Edit: So as you asked here is what I want to achieve:
I have the member function with the following signature:

Someclass* OtherClass::fn();

I want to change the signature like this:

Wrapper<Someclass> OtherClass::fn();

This wrapper acts like some smart-pointer, i.e. it cares for the pointer's lifetime, thus it releases it when it goes out of scope. As the function is called across a dll boundary I want to make sure that the returned value (which is now a concrete type, not just a dumb pointer) is in all circumstances (i.e. compiler settings, etc) of the same size as the pointer would be. The plan/hope is to support all combination of debug/release application/dll builds.
As you might ask: no, I can not use boost::shared_ptr<>, std::shared_ptr<>, std::unique_ptr<> and the like, as we don't want to expose boost to the dll user and we don't support C++11 yet.

Answer 1

I'd say your assumption is reasonable with most compilers and flags.

For any T, the compiler is able to create arrays of T, which are required to be contiguous, so it has to be able to create that without padding. As such, any padding it put into your struct would be purely optional, not something that could be required.

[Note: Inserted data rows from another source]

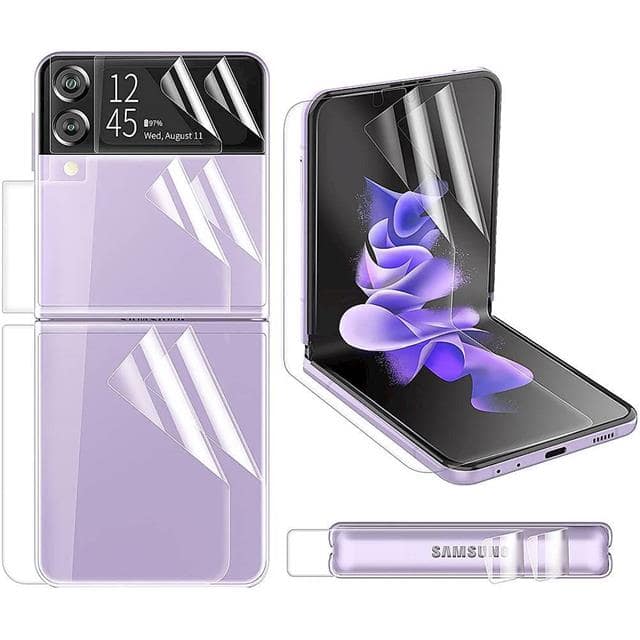ZD00034 FULL BODY FILM SCREEN PROTECTOR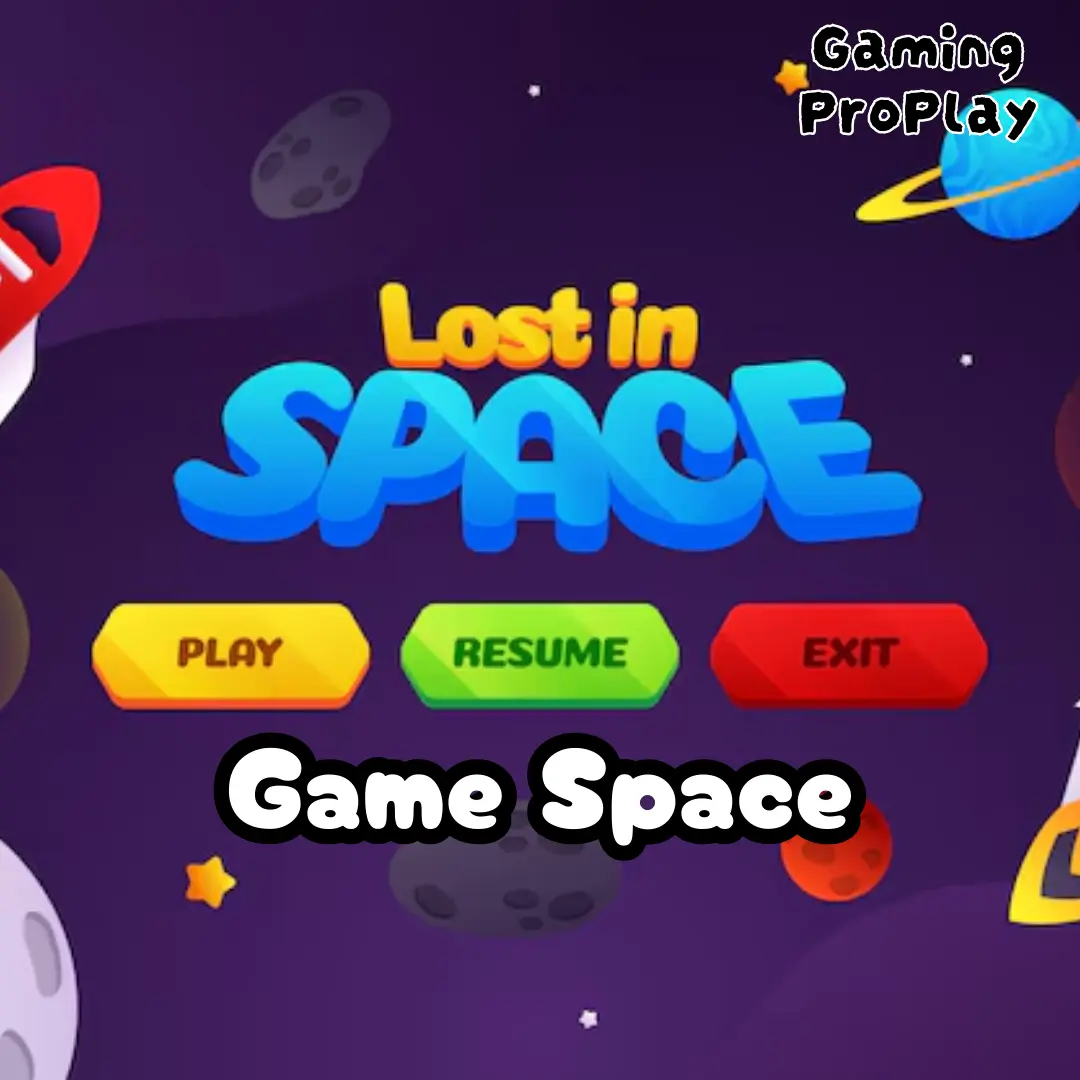 Game Space Menjelajahi Dunia Virtual yang Menakjubkan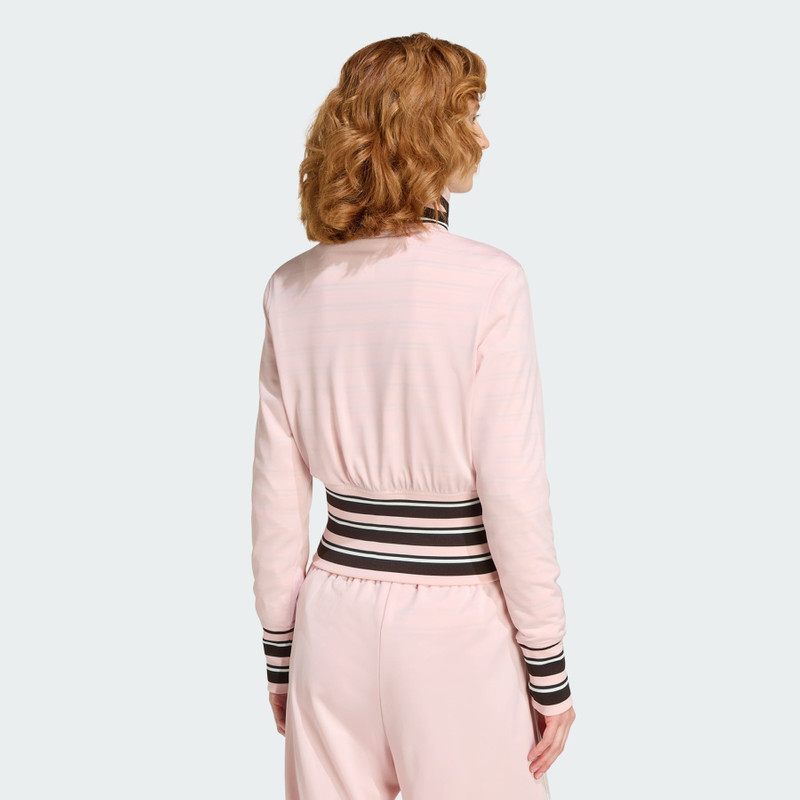 VINTAGE TT HIGH KNITTED RIBS Top 3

On the other hand, I'm reasonably certain none of the C or C++ standards guarantees what you're asking. The closest to guarantees about it would stem from the fact that in C++ it's a standard layout struct, which restricts the C++ compiler to laying out the fields about like a C compiler would, so the members must be ascending order with no padding at the beginning -- but padding between members and/or after the last member are still allowed.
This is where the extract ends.